Eseri okurken içimde bitmek bilmeyen bir sancı oluştu. Hayat şartlarının kadınlara verdiği zararı, acıyı, hüznü okudum ve ne yazıkki bu anlatılanlar sadece kitaptan ibaret değil, hayatın ta kendisi...
Ece adında bir karakterimiz var. Bu karekterin hüzünlü yolculuğu doğduğu an annesini kaybetmesi ile başlar. Babasının bu durumdan onu sorunlu tutması üzerine de kızına asla sevgi göstermeyerek devam eder. Sonra babasını kaybeder daha küçük yaşta hem Anne yok hem de baba, bunun bile ne kadar acı bir durum olduğunu biliyorsunuzdur. Ama bu kadarla kalmıyor maalesef.

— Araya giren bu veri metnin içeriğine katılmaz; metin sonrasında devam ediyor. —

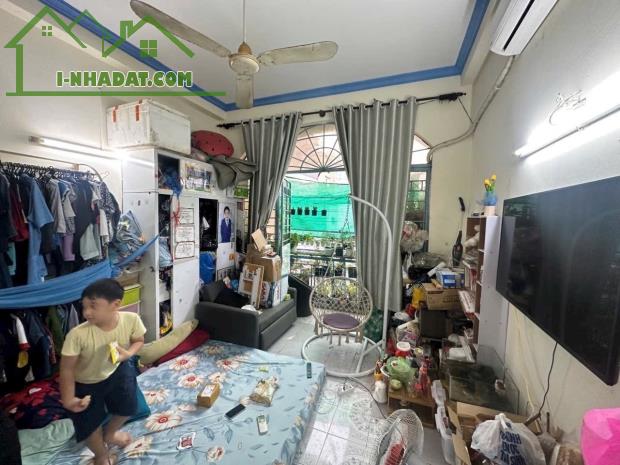 Bán Nhà Hẻm 6M, 4M x 13M, 3 Tầng, Gò Dầu, Tân Phú, 52M2, Chỉ 5.x Tỷ - 2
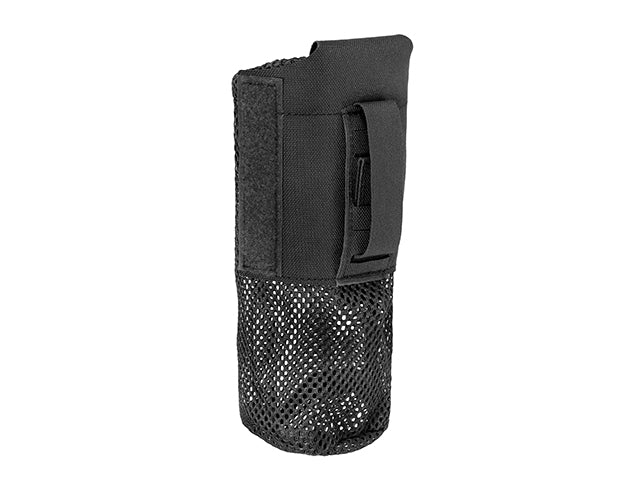Foldable Bottle Pouch, dual mounting system, Laser Cut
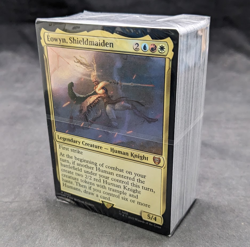 SEALED DECK ONLY Riders of Rohan MTG Commander Precon -LoTR- Eowyn Shieldmaiden - Image 1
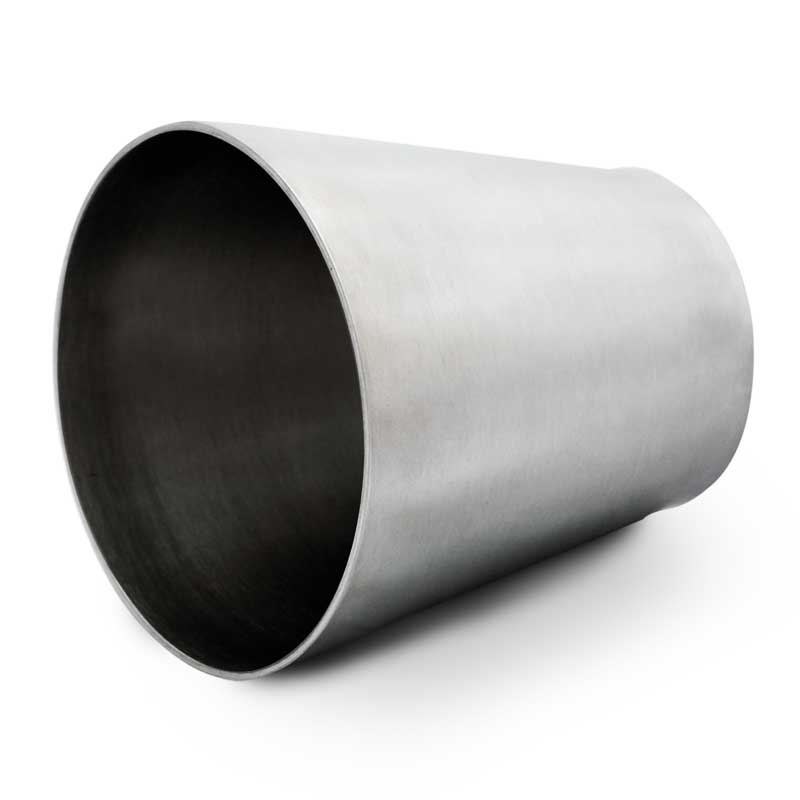 1.5" x 8" Concentric Reducer Stainless Steel 304 R HFS 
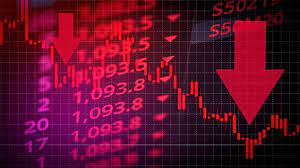 European Markets Drop As Deutsche Bank Spearheads A Bank Crisis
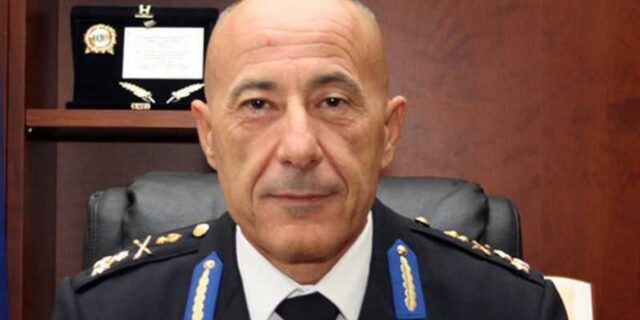 Εθνικός Διοικητής Πολιτικής Προστασίας ο πρώην Αρχηγός του Π.Σ. Αντιστράτηγος Παπαγεωργίου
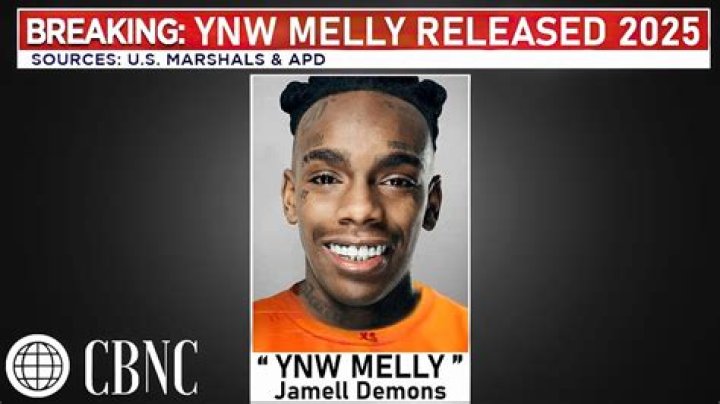 Latest News: Is Rapper YNW Melly Still Behind Bars In 2023?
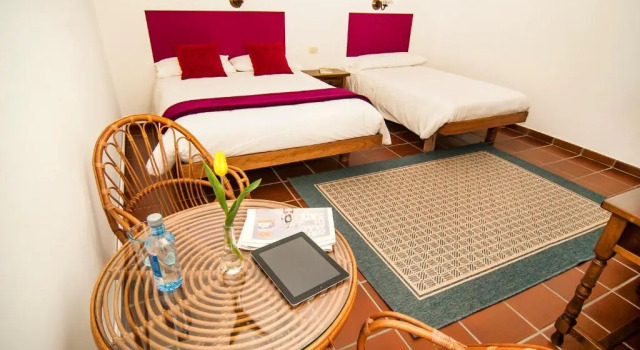 Номер Standard Casa rural La rectoral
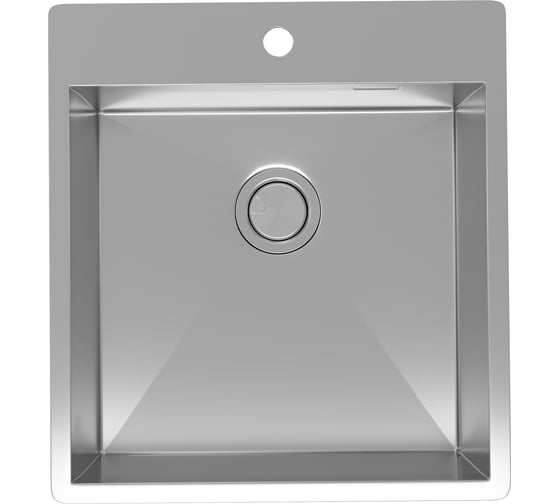 Изображение товара Кухонная мойка Reflexion home Iseo полированная сталь RX2246SS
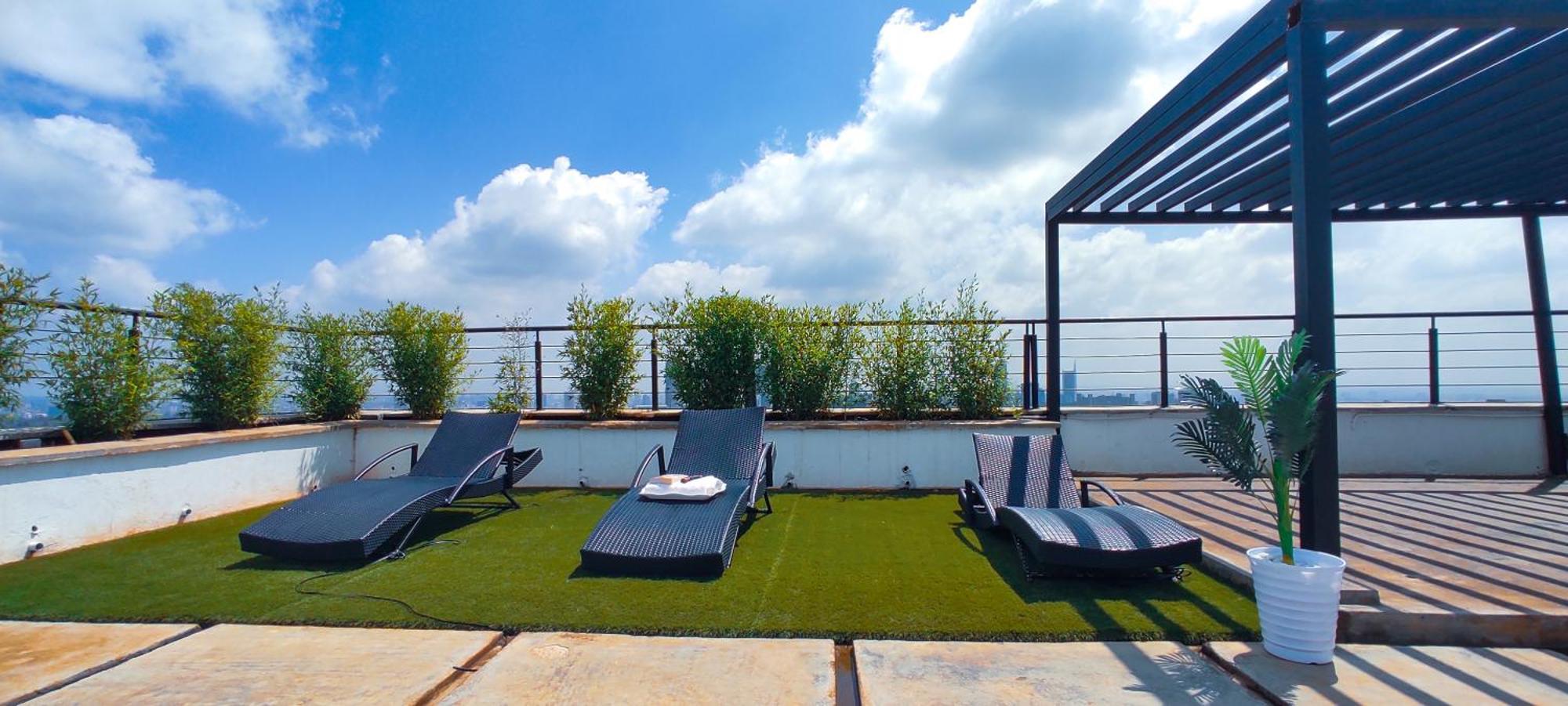 Dukes Suites Nairobi Ngoại thất bức ảnh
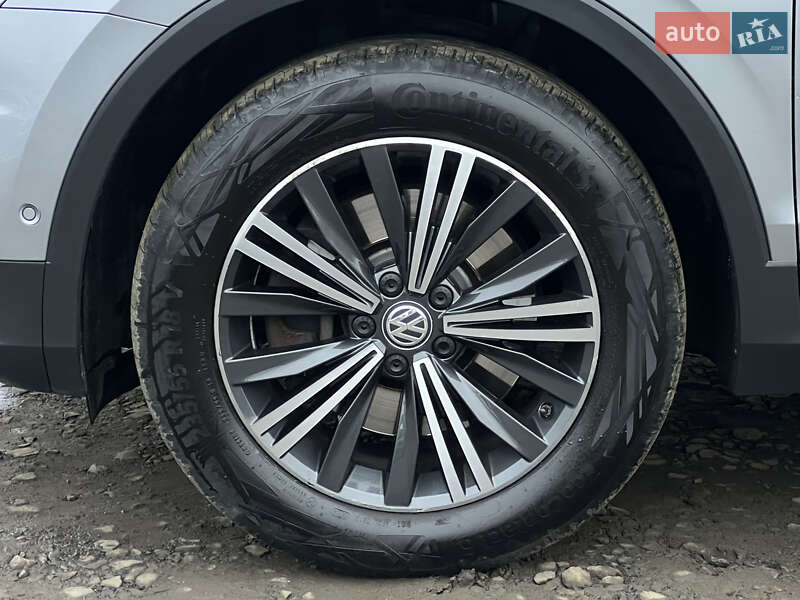 Позашляховик / Кросовер Volkswagen Tiguan Allspace 2021 в Луцьку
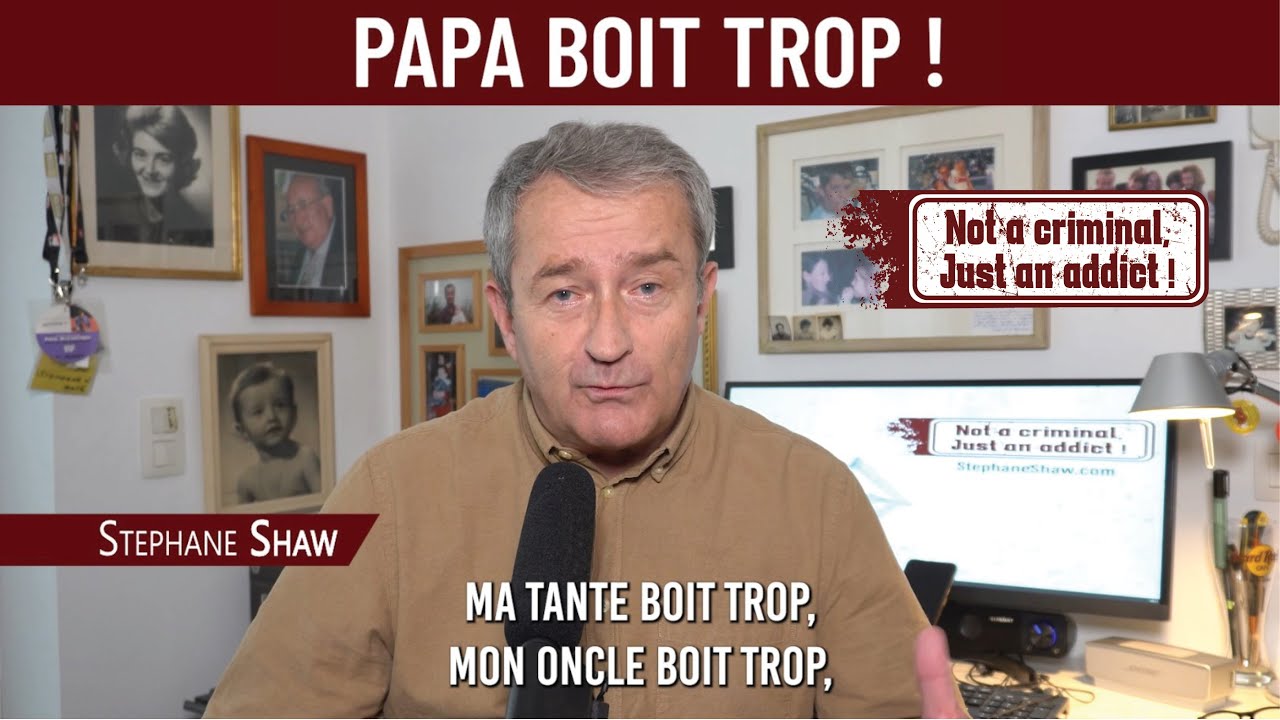 Papa boit trop, maman boit trop, ...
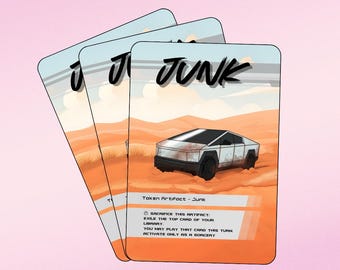 Cyber-Junk Token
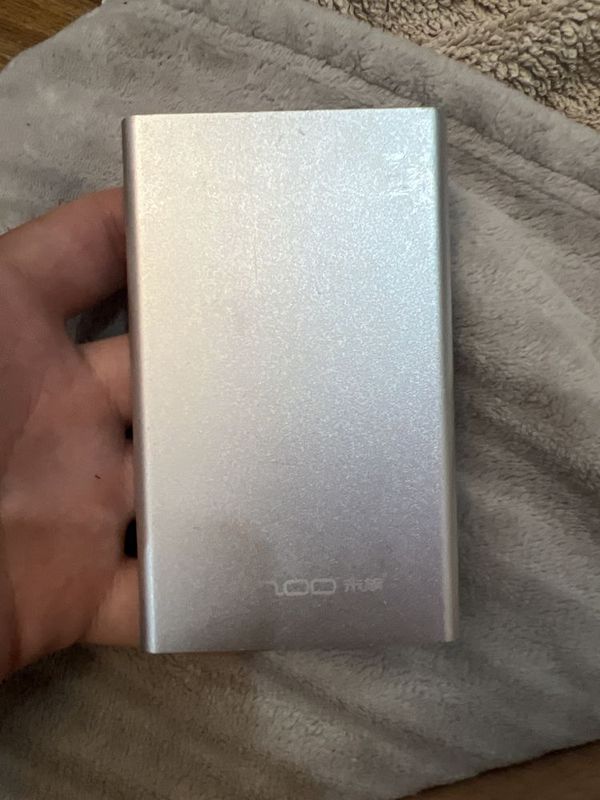 Повербан на 4000mAh Повербан на 4000mAh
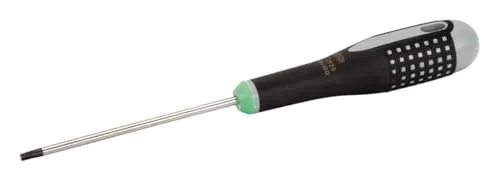 Bahco T15 TORX® BO Standard-Schraubendreher, Legierungsstahl, 222 mm/Klinge 100 mm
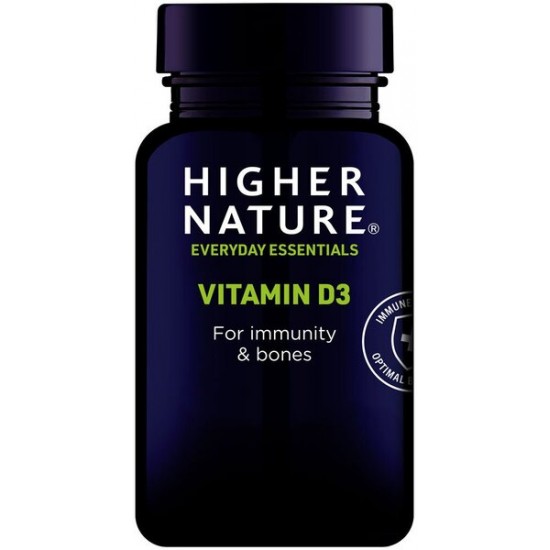 Vitamin D3 - 120 caps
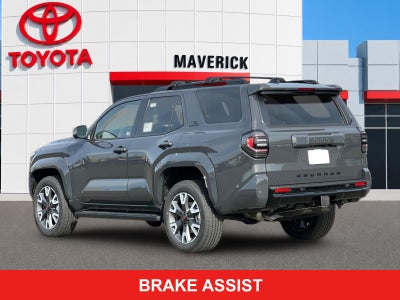 2026 Toyota 4Runner TRD Sport Premium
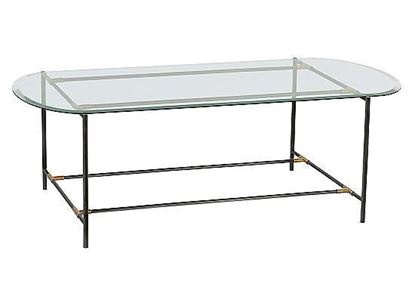 Muse Cocktail Table -RR-10790-305 from ROWE furniture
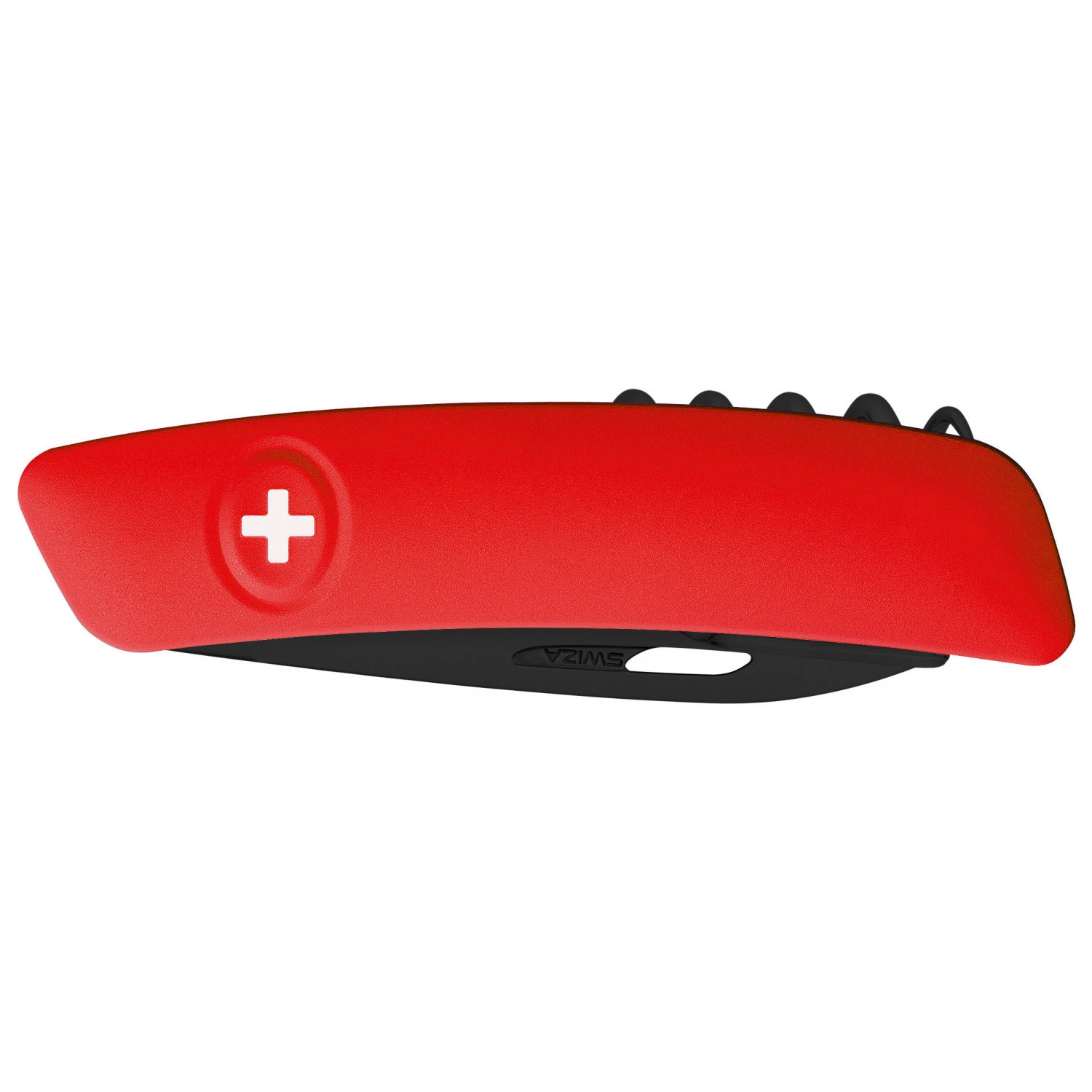 Swiza Schweizer Messer D01 All Black - Messer – Bild 2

Kimsesiz kalan Ece teyzesinin yanında yaşamaya devam eder. Burada olan hayatı ızdıraptan ibaret. Eniştesi onu taciz eder. Her türlü baskıyı acıyı burada yaşamaya devam eder. Bakıma muhtaç bir çocuğa nasıl yapılır bu zulüm bilmiyorum ama eminim ki bu kişiler insanlıktan nasibini asla almamış, onlara insan bile diyemiyorum ben, keşke hiç var olmasaydınız soluduğunuz hava bile ziyan.
Ece üniversite kazanır ve üniversite okumak için tamamen kendi ayakları üzerinde durmak zorunda. Peki yaşadıklarından dolayı yorulup pes mi ediyor? Yoksa her şeye rağmen hayatı için mücadele mi ediyor? Okuyarak öğrenmenizi istiyorum. Çünkü okunmaya değer bir eser. Yazarın kalemi daim olsun.
#alinti ;
”Ecel günü zırhı delen ok, eceli gelmeyenin gömleğinden bile geçmez”
”Erkek ya da kadın olmadan önce vicdanlı insanlar olabilmeyi başarabilseydik, dünya zaten cennet olurdu.”
”Çünkü mutsuz insanlar mutlu sonlu hayaller de kuramazlardı.”